The first indications of the prime minister's intentions emerged last week,
after he held a round of consultations: The media were full of reports and
analyses that attacked the American document and found numerous flaws in it. The
main message emanating from the prime minister's direction is that the
"road map" is an illegitimate State Department version of U.S.
President George Bush's speech: While the president insisted that a complete
cessation of Palestinian terror must precede any diplomatic movement, the
"road map" charts a course for Israeli-Palestinian talks that
essentially boils down to conducting negotiations under fire.
The Prime Minister's Office also complains that the American paper includes the
Saudi peace initiative, which was adopted by the Arab League summit in Beirut,
in the basket of international documents (such as UN Security Council
Resolutions 242 and 338) that are meant to form the basis of an
Israeli-Palestinian peace agreement. The prime minister and his advisers argue
that the Saudi initiative never received any international standing whatsoever,
and in any case it represents the positions of only one party to the conflict
and includes a demand for implementation of the right of return - a demand that
Israel can never accept.
These objections are meant to create the background for the Israeli positions
that will ultimately be presented to Washington, whether during the current
visit to the region by Assistant Secretary of State William Burns or in
subsequent talks.
The prime minister's associates did not make do with mere criticism of the
American plan; they did not even hesitate - a week after Sharon's return from a
congenial meeting with Bush, at which the American administration was asked to
give Israel $10 billion in loan guarantees - to paint it in a scornful light and
apply insulting adjectives to it ("amateurish," "negligent,"

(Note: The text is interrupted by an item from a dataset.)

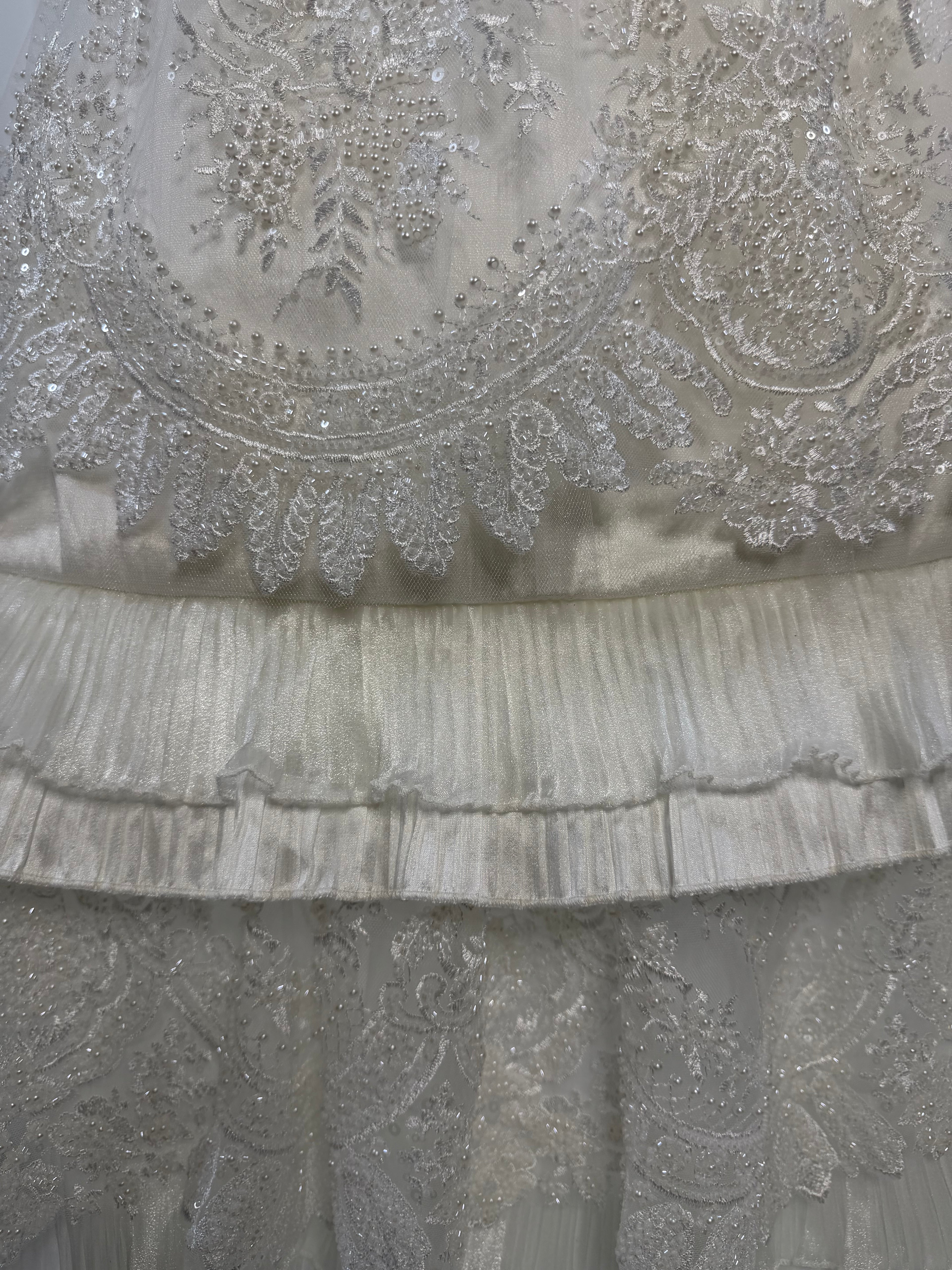 Ropon Juliette en tono Perla / Juliette Baptism Dress in Creamy Ivory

"testimony to the confusion within the administration").
There is no doubt that since Sharon made his first public response to the
"road map" ("I haven't had time to read it yet"), he has
succeeded in studying it in-depth and in developing a strategy for how to deal
with it: He is working to get it removed from the agenda and sent to wherever
the Mitchell, Tenet and Zinni documents now reside.
From Sharon's point of view, his efforts to dissolve the American plan are
completely justified. Ever since he took office, he has not lifted a finger to
rescue the violent conflict from the bloody circle in which it is endlessly
revolving and divert it instead to the path of diplomatic dialogue. Sharon has
made do with a military response to vicious Palestinian terror and has avoided
seizing any of the diplomatic opportunities that have periodically arisen
(European, American, UN and even Arab initiatives) in order to transfer the
conflict to the negotiating table. In so doing, the prime minister has taken
full advantage of the destructive behavior of Yasser Arafat, who provided him
with a plethora of excuses for reducing a conflict between two nations to the
size of a target seen through the sights of a rifle. To satisfy public opinion,
Sharon occasionally speaks in the voice of Jacob, but his hands are the hands of
Esau: His actions prove that he does not want reconciliation between the two
peoples, but rather the Palestinians' defeat.

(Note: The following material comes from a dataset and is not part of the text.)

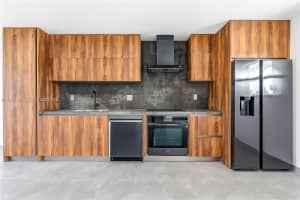 251 Sw 9th Ave Hallandale Beach, FL 33009 - MLS#A11931921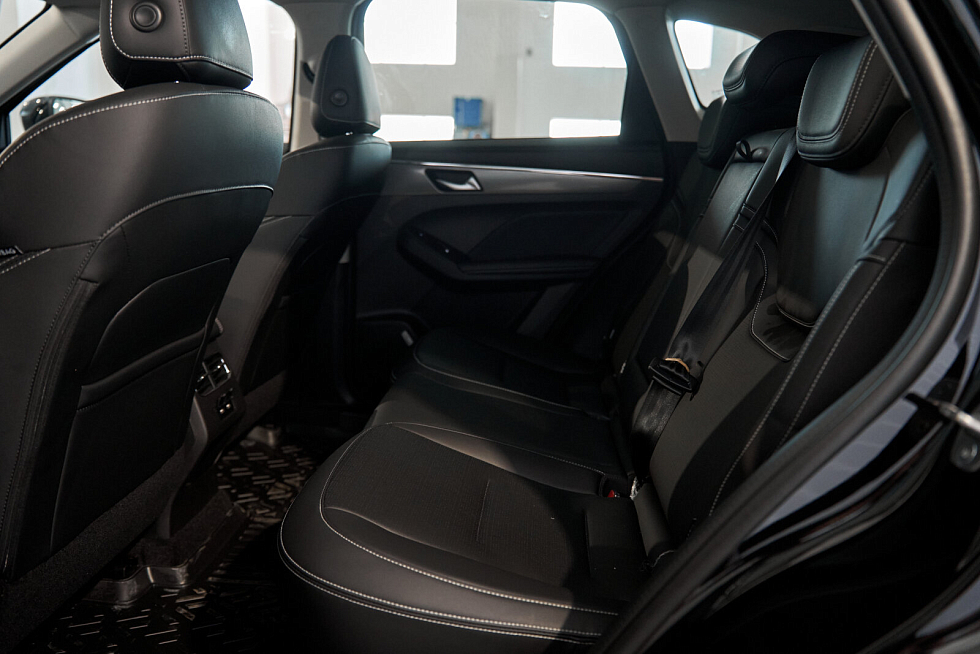 Haval Jolion Комфорт, черный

The "road map" represents a worldview diametrically opposed to that of
the prime minister: It is based on the assumption that the Israeli-Palestinian
conflict must end in compromise. The proposal therefore outlines a three-stage
plan of action in which each side must take steps to meet the other's
expectations. The spirit of the document calls for Israel and the Palestinians
to abandon the violent conflict, agree to concessions whose goal is to rebuild
mutual trust, and reach a peace agreement within three years based on the
establishment of a Palestinian state and Palestinian recognition of Israel's
right to exist. Sharon does not believe in the validity of this vision, and
therefore he will work to bury the road map.